Reputation: 5940
I have a dataframe df
that is defined like so:
import numpy as np
import pandas as pd
dic = {'A':['1A','1A','3C','3C','3C','7M','7M','7M'],'B':[10,15,49,75,35,33,45,65],'C':[11,56,32,78,45,89,15,14],'D':[111,0,np.nan,np.nan,np.nan,np.nan,np.nan,np.nan],'E':[0,222,np.nan,np.nan,np.nan,np.nan,np.nan,np.nan]}
df = pd.DataFrame(dic)
My goal is to perform some calculations between rows having the same item in column A
.
The function is defined like this (but could be anything):
def fun(a,b,c,d):
out = a*c + b/2 + d*b
return out
The result of such operation will be stored in column D and E according to the following rules:
# Fill column D
for j in range(0,len(df)-1):
if df['A'].iloc[j]==df['A'].iloc[j+1] and pd.isnull(df['D'].iloc[j]):
df['D'].iloc[j] = fun(df['B'].iloc[j],df['B'].iloc[j],df['B'].iloc[j+1],df['B'].iloc[j+1])
# Fill column E
for j in reversed(range(1,len(df))):
if df['A'].iloc[j-1]==df['A'].iloc[j] and pd.isnull(df['E'].iloc[j]):
df['E'].iloc[j] = fun(df['B'].iloc[j],df['B'].iloc[j],df['B'].iloc[j-1],df['B'].iloc[j-1])
Both loops are very similar but the second one is looping from the last element to the first one of the dataframe.
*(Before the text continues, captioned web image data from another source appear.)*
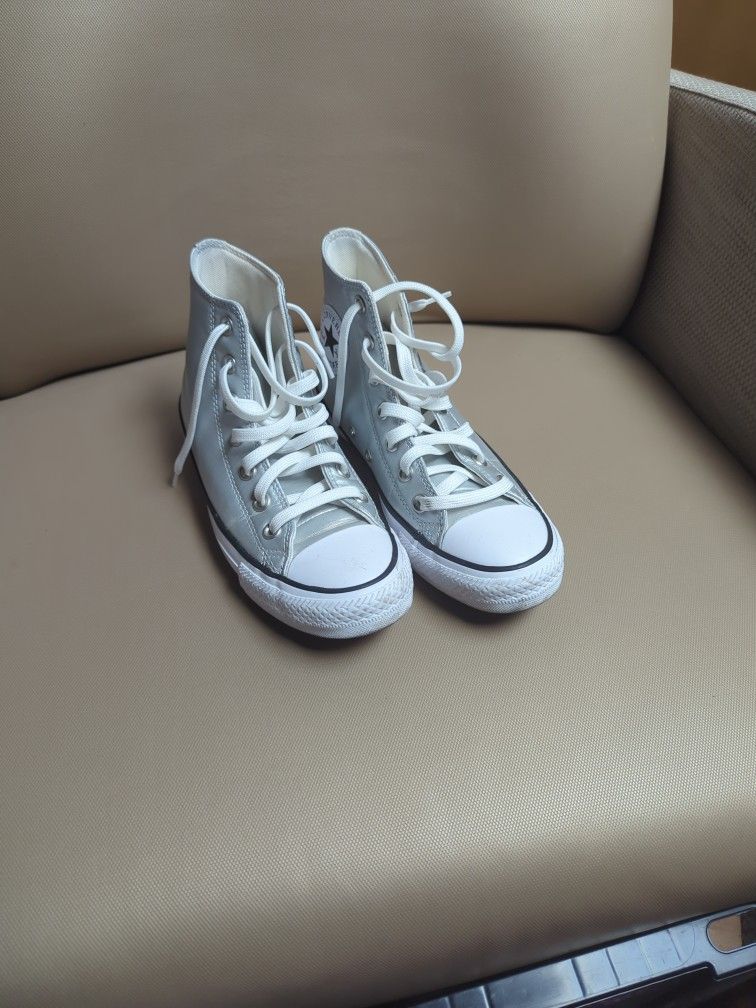 Silver Converse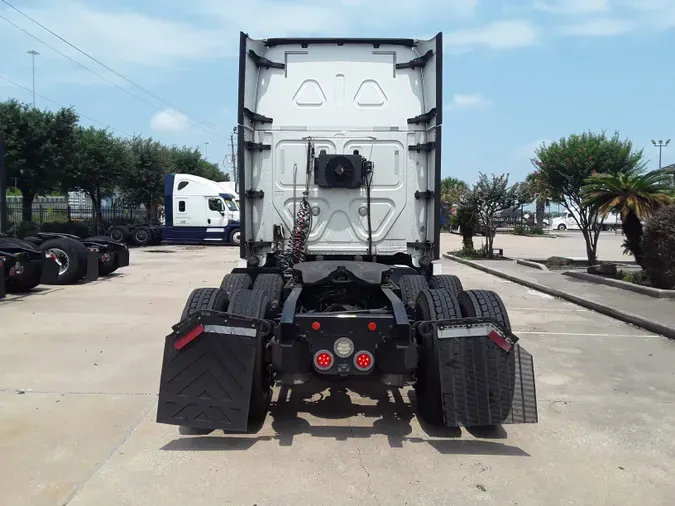 2018 FREIGHTLINER/MERCEDES CASCADIA 125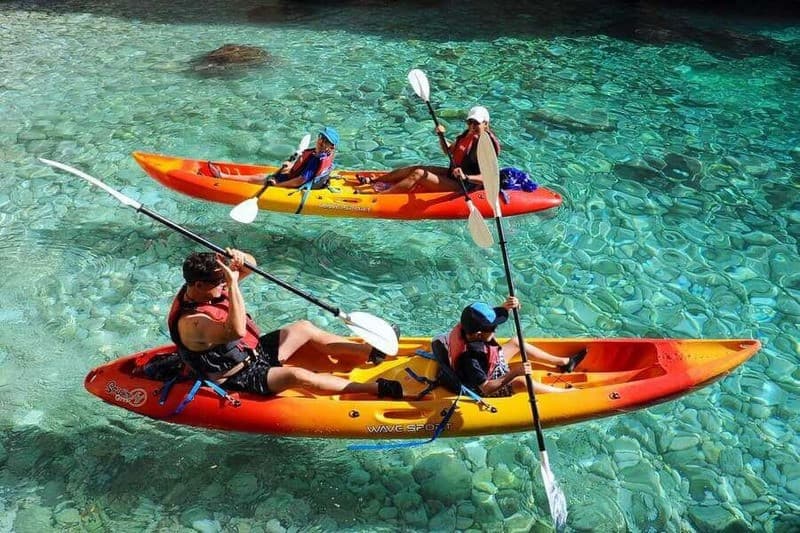 Chèo thuyền kayak trên biển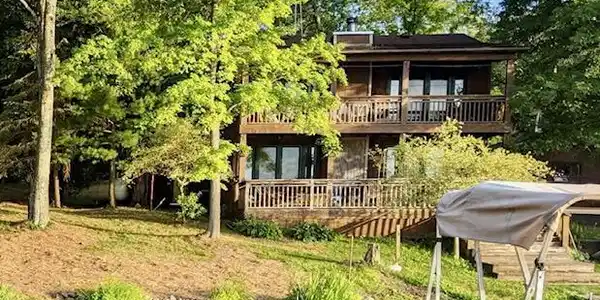 275 Negaunee Lake Drive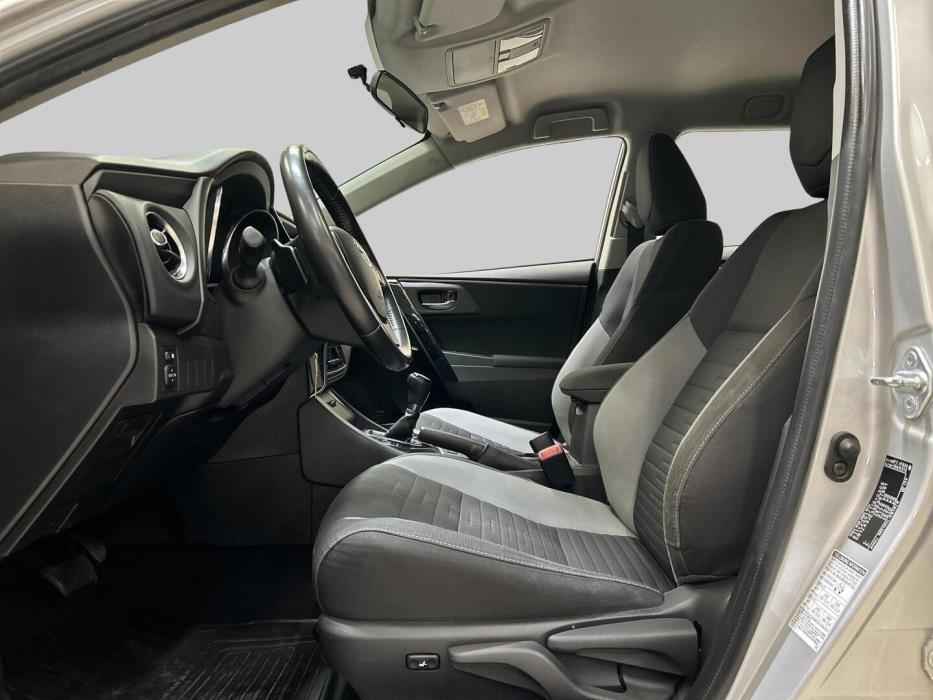 TOYOTA Auris 2015
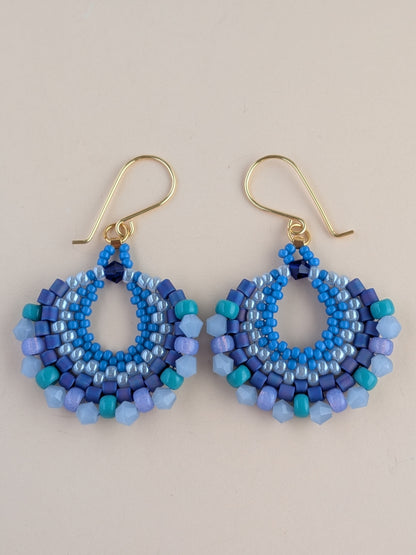 Elegante håndlavede øreringe med Miyuki-perler – Luna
My code works correctly and the result should be like this:
# Before # # After #
A B C D E A B C D E
0 1A 10 11 111 0 0 1A 10 11 111.0 0.0
1 1A 15 56 0 222 1 1A 15 56 0.0 222.0
2 3C 49 32 NaN NaN 2 3C 49 32 7374.5 NaN
3 3C 75 78 NaN NaN 3 3C 75 78 5287.5 7387.5
4 3C 35 45 NaN NaN 4 3C 35 45 NaN 5267.5
5 7M 33 89 NaN NaN 5 7M 33 89 2986.5 NaN
6 7M 45 15 NaN NaN 6 7M 45 15 5872.5 2992.5
7 7M 65 14 NaN NaN 7 7M 65 14 NaN 5882.5
Would you be able to improve such code in order to make it more efficient using some build in functions from the Pandas library? I would like to have some more elegant way to achieve my result.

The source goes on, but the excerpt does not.